Transcribe, word for word and without additions, each line below from the one containing "bathroom with a sink and a stall shower" through the one containing "Photo of a boy sitting at a table thinking", both ends included.

* Short web captions:
- - - - -

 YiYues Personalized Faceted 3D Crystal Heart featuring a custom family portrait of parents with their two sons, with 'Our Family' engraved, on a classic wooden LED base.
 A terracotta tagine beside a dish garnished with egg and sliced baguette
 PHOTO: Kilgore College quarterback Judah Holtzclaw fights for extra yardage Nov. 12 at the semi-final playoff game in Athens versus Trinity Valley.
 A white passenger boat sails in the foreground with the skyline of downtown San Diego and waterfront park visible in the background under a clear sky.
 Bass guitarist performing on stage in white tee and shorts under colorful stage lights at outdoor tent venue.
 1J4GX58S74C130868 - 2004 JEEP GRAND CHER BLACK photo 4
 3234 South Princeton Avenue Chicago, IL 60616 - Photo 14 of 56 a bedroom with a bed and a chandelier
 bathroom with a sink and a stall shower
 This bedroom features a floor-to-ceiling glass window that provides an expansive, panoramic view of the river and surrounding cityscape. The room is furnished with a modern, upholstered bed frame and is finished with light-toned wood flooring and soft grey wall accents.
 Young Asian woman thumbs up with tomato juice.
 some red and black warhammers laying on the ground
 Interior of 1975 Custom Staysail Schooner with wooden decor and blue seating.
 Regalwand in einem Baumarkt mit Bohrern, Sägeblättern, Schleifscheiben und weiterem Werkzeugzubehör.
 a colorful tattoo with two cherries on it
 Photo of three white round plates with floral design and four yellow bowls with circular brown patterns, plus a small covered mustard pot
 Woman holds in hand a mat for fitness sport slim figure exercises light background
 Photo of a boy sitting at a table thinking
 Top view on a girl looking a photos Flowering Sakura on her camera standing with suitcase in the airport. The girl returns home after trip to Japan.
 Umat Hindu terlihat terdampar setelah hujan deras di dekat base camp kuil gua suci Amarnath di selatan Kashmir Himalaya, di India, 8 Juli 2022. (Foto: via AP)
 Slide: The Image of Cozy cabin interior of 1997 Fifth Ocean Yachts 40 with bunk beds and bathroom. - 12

- - - - -

* Solution below:
 bathroom with a sink and a stall shower
 This bedroom features a floor-to-ceiling glass window that provides an expansive, panoramic view of the river and surrounding cityscape. The room is furnished with a modern, upholstered bed frame and is finished with light-toned wood flooring and soft grey wall accents.
 Young Asian woman thumbs up with tomato juice.
 some red and black warhammers laying on the ground
 Interior of 1975 Custom Staysail Schooner with wooden decor and blue seating.
 Regalwand in einem Baumarkt mit Bohrern, Sägeblättern, Schleifscheiben und weiterem Werkzeugzubehör.
 a colorful tattoo with two cherries on it
 Photo of three white round plates with floral design and four yellow bowls with circular brown patterns, plus a small covered mustard pot
 Woman holds in hand a mat for fitness sport slim figure exercises light background
 Photo of a boy sitting at a table thinking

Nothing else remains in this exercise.